Richard Kelly a une science de l’univers assez imposante : grâce à sa mise en scène aussi codifiée que miraculeuse, il trouve toujours la bonne tonalité pour asseoir son mélange des genres. Car derrière ce soleil qui inonde de ses lueurs les pelouses de résidences similaires, c’est l’obscurité d’une apocalypse qui va pointer le bout de son nez : mais l’apocalypse n’est pas celle que l’on croit. Par exemple, pendant qu’une inondation fait rage dans l’établissement scolaire, certains parents/profs sont plus inquiets par l’apprentissage de livres subversifs qui pourraient dénaturer l’innocence de leurs enfants et aller à l’encontre de leur croyance aveugle. C’est la trame d’un film qui tisse sa toile autour de l’incompréhension d’un monde où l’adulte est dépassé à la fois par ses pensées bigotes ou son manque de courage et par une jeunesse qui comprend de mieux en mieux la complexité de « la vie »: à l’image de cette mascarade qu’incarne l’exercice de « la ligne de vie » entre la peur et l’amour. Cette jeunesse est représentée par Donnie Darko : adolescent au trouble du sommeil compulsif et proche d’une forme de schizophrénie paranoïaque, suivi par une psychiatre et ayant la vision d’un lapin géant qui lui annonce des pulsions de mort et de fin du monde.
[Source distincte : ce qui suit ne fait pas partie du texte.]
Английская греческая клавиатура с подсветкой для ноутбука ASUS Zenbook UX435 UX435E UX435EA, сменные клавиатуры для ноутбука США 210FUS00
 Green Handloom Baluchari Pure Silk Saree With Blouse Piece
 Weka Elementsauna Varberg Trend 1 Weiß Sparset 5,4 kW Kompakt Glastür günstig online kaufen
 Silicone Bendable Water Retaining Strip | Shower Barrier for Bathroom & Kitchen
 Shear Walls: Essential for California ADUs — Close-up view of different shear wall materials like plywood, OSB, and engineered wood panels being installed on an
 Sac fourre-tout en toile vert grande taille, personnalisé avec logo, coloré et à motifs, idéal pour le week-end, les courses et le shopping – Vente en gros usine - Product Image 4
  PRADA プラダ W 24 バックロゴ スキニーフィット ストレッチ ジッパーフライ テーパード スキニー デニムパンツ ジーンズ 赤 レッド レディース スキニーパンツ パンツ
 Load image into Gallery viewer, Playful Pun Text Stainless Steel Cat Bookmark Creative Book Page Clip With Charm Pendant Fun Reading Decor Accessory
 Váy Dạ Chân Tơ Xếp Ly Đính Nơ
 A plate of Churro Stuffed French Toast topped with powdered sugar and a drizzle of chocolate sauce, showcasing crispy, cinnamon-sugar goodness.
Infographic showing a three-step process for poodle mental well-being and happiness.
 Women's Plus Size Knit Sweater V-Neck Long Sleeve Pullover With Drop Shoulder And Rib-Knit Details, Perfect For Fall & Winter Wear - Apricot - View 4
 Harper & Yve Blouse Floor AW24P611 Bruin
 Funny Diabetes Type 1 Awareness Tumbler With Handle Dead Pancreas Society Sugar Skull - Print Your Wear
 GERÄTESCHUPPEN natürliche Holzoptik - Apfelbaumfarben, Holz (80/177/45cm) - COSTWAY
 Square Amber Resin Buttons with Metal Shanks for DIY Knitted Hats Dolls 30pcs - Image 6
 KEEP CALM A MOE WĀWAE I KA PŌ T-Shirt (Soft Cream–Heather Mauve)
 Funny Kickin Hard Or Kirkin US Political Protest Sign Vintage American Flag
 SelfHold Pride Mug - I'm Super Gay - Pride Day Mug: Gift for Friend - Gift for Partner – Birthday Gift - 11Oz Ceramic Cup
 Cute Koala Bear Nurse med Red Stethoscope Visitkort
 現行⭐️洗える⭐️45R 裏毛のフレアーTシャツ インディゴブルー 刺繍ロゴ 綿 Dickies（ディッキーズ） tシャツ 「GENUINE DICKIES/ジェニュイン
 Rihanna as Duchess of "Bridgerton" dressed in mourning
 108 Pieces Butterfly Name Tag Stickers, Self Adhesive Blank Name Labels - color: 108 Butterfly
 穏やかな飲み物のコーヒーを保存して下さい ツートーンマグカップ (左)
Et par ce postulat, Donnie Darko s’avère être un coup de maître assez saisissant, un portrait d’une adolescence dépourvue d’elle-même : avec le regard interloqué d’un juvénile mais ébouriffant Jake Gyllenhaal, c’est une mosaïque de genres qui s’achemine devant nos yeux, où les idées de cinéma convergent à grandes enjambées. D’un plan séquence musical et halluciné sous fond de Tears for Fears qui nous introduit dans l’antre du collège/lycée , de ces insertions horrifiques noctambules, de ces multiples références (Evil Dead, Retour vers le futur…), de cette cristallisation de la SF par de simples effets spéciaux ou par le biais de discussions scientifiques sur le voyage dans le temps, Donnie Darko est un melting pot assez jouissif.
Une satire qui aime les ruptures de ton entre humour noir et grincement de dents comme pouvait le faire American Beauty de Sam Mendes : un crachat au napalm sur des adultes qui se mentent à eux-mêmes tout en déblatérant des connaissances et des pratiques sociales qui dissimulent des idéaux politiques néfastes. En ce sens , le personnage de Jim Cunningham en est la parfaite démonstration : cette Amérique du positivisme, du self made man, de la réussite heureuse mais dont le relativisme et les phrases à l’emporte pièce abritent des cachettes secrètes mortifères. Cependant, plus le film déroule sa musique, plus l’humour goguenard laissera place à une mélancolie adolescente amère, où l’issue n’en contient aucune. La grande force de Donnie Darko est sa capacité à se servir des codes inhérents du teenage movie pour les pervertir et montrer leurs vrais visages : l’idylle mièvre, la professeur grenouille de bénitier, la psychiatre, les têtes de turc de l’école, la petite sœur qui a la compétition dans le sang etc…
Tout cela est montré d’une telle manière que chaque cliché sera dévié de son imagerie première pour atterrir dans les sphères de l’étrange, du malaise et du trouble. Ainsi le film, à l’image de son sujet, évite cette notion primordiale : le déterminisme. Donnie Darko est une œuvre difficilement classable mais marquante voire essentielle en ce sens qu’elle voit l’adolescence comme point névralgique de l’observation d’un monde qui marche sur la tête et qui nie sa propre réalité.